Class OcrEngine
- Namespace
- LMKit.Extraction.Ocr
- Assembly
- LM-Kit.NET.dll
Represents an Optical Character Recognition (OCR) engine capable of processing image data and extracting text. Concrete implementations must override RunAsync(OcrParameters, CancellationToken) to perform actual OCR. Exposes events that fire just before and just after OCR executes, and allows cancellation.
public abstract class OcrEngine
- Inheritance
-
OcrEngine
- Derived
- Inherited Members
Examples
Example: Implement a custom OCR engine and subscribe to events
public class MyOcrEngine : OcrEngine
{
public override async Task<OcrResult> RunAsync(
OcrParameters ocrParameters,
CancellationToken cancellationToken = default)
{
// Call your third-party OCR library here
string recognizedText = await MyOcrLibrary.RecognizeAsync(ocrParameters.ImageData);
return new OcrResult(recognizedText);
}
}
// Usage:
var engine = new MyOcrEngine();
engine.OcrStarting += (s, e) => Console.WriteLine($"OCR starting on page {e.PageIndex}");
engine.OcrCompleted += (s, e) => Console.WriteLine($"OCR done: {e.Result?.PageText?.Length ?? 0} chars");
var extractor = new TextExtraction(model);
extractor.OcrEngine = engine;
Methods
- OnOcrCompleted(OcrCompletedEventArgs)
Raises the OcrCompleted event (if any subscribers exist).

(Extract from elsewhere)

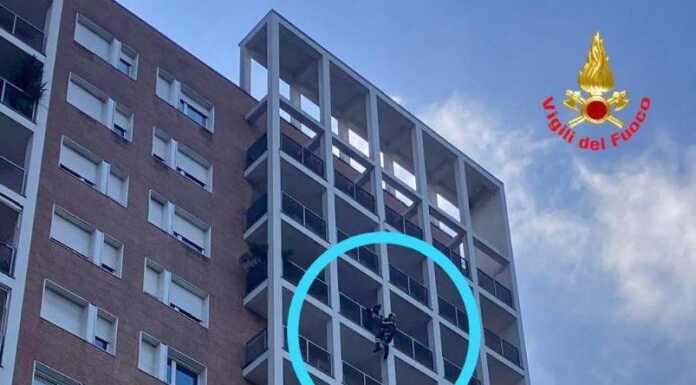 Bloccato in casa al 10° piano, spettacolare salvataggio dei VVF in viale Montegrappa salvataggio vvf viale montegrappa lecco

- OnOcrStarting(OcrStartingEventArgs)
Raises the OcrStarting event (if any subscribers exist).
- RunAsync(Attachment, int, CancellationToken)

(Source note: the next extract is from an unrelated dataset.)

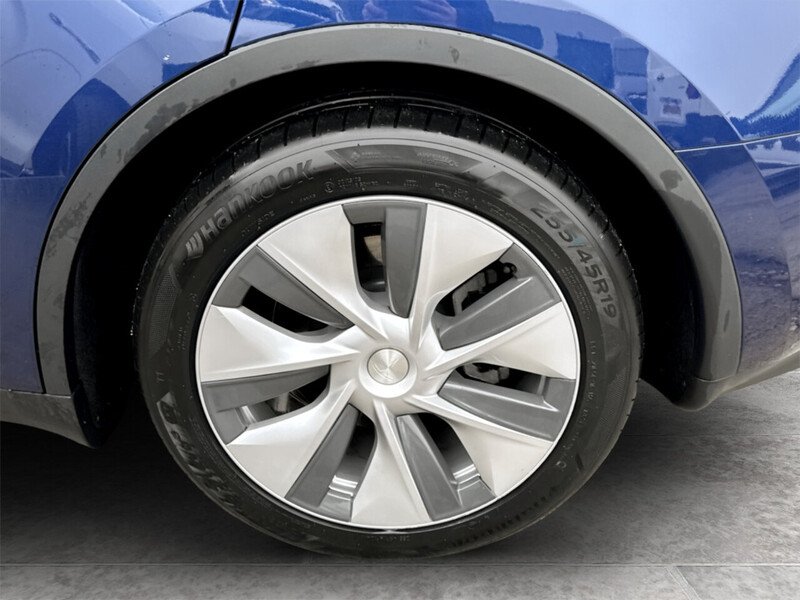 Used Tesla Model Y 2023 for sale - 77805817: Photo 15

Runs OCR on a specific page of the given attachment. This convenience overload handles image extraction from the attachment internally, then delegates to RunOcrAsync(ImageBuffer, Attachment, int, CancellationToken).
- RunAsync(OcrParameters, CancellationToken)
Executes the OCR process using the provided parameters. Concrete subclasses must override this method to implement specific OCR logic (e.g., calling a third‐party OCR library).
Events
- OcrCompleted
Raised after OCR finishes (whether it succeeded, was canceled, or faulted). Subscribers can inspect the parameters, result, and/or any exception that occurred.
- OcrStarting
Raised just before OCR begins. Subscribers can inspect the attachment and, if they wish, set Cancel = true to abort.